A total of 2135 studies were identified through the database search. Based on their titles and abstracts, most were excluded due to duplication or irrelevance. The full text of 5 potentially relevant studies was reviewed, after which 2 were excluded because the information on outcomes was not relevant or the study objective was not consistent with that of the current investigation.[9,12] More specifically, the work by Wong et al did not clearly report whether the included patients were hospitalized,[9] while the investigation by Perera et al only reported the predicted risk of mortality, not the actual mortality.[12] Of the 3 studies that were finally included in the meta-analysis, 2 were cohort studies[13,14] and 1 was a case-control study.[15] The study review and selection process is illustrated in the Preferred Reporting Items for Systematic Reviews and Meta-Analyses flow diagram at Figure 1. Full details of the literature search are provided in supplemental digital content (see Table S1, Supplemental Digital Content 1, which illustrates the full details of search algorithms). The quality of each of the 3 studies was assessed and deemed to be good (Fig. 2) (see Table S2, Supplemental Digital Content 2 and Table S3, Supplemental Digital Content 3, which illustrate the risk of bias assessment of cohort and case-control studies included in the meta-analysis, respectively).

Figure 1.

Figure 1

PRISMA flow diagram of the search strategy and study selection.

Figure 2.

Figure 2

Summary of the quality of the included studies, using the Newcastle–Ottawa Scale.

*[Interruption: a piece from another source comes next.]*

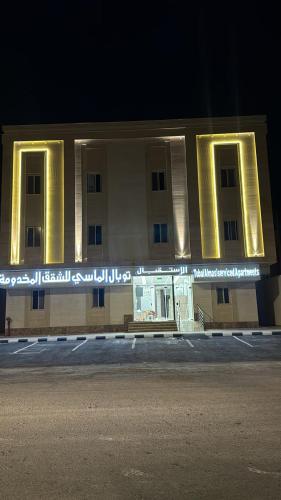 a building with lights on the side of it at night at توبال الماسي in Sīdī Ḩamzah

3.1. Study characteristics

The 3 included studies were conducted in Europe (in Greece, Turkey, and Italy). The research by Keskin et al[15] enrolled patients hospitalized with myocardial infarction. Valbusa et al[14] investigated the outcomes of hospitalized, acute heart failure (HF) patients, and the work by Tziomalos et al[13] was undertaken on patients with acute ischemic stroke. The important characteristics and outcomes of interests from the included studies were aggregated, as summarized in Table 1. In all, 1,039 patients were included in the meta-analysis; of those, 36.19% were ultrasound-proven cases of NAFLD. The mean age of the patient cohort was 73 years, and about half were men (51.01%). The proportions of those with hypertension, atrial fibrillation, dyslipidemia, chronic renal failure, diabetes mellitus, and left ventricular ejection fraction were 62.23%, 47.62%, 46.11%, 35.47%, 32.85%, and 23.43%, respectively. About 1-quarter of the patients presented with a current smoking status, and a family history of CVD was found in 16.01% of the patients. The average body mass index of the included patients was 27.00 ± 4.81 kg/m2. The average hospital stay was 9.24 days.

Table 1.

Characteristics of the included observational studies assessing the risk of mortality in hospitalized cardiovascular disease patients associated with NAFLD.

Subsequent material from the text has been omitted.